La edad conlleva un cansancio que nos fragiliza. Las conversaciones que exigen dialécticas acaloradas donde -más que los puntos de encuentro o las síntesis clarificadoras- se busca el vencedor retórico, son fútiles excesos que ya no proceden, ni convienen, ni interesan.
Esas canas que nos identifican, nos sosiegan y nos atenazan como seres catatónicos ante lo esencial: los rostros rasgados sangrientos de niños que siguen cayendo en Siria, junto a sus familias y pasan a la orfandad, sino a poder contarle a Dios todo lo que han visto, como amenazó aquel pequeño sirio que haría cuando muriese, chivarse.

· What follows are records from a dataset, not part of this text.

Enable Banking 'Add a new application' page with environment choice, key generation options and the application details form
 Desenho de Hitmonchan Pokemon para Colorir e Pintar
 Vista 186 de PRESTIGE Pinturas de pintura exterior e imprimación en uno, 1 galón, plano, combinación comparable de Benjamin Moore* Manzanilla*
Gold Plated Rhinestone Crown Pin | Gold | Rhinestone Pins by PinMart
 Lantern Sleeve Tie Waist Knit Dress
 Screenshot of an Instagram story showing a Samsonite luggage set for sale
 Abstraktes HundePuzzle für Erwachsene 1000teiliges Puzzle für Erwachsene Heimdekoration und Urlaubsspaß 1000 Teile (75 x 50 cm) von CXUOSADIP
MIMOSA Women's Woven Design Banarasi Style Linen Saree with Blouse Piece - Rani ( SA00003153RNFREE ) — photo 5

Refugiados, que no son perros y lo digo de una vez por todas, sino personas huidas de países donde ya no es posible la vida, entre los cuales haya quizás algún miserable terrorista, sí, junto a miles de inocentes; amontonados en parcelas de tierras como basura, que se esparce de un lugar a otro hasta que se encuentre un vertedero apropiado.
Los años todos juntos, las canas blanquecinas que avejentan nuestro aspecto, nos hacen más débiles ante tareas superfluas y carentes de relevancia. Pero nos electrifican los poros y nos saturan la sensibilidad ante lo cual no nos quedan palabras, por hartura, por sofoco, por impotencia y recordamos esa supuesta banalidad del mal que nunca lo fue, mientras los humanos seamos individuos con conciencia.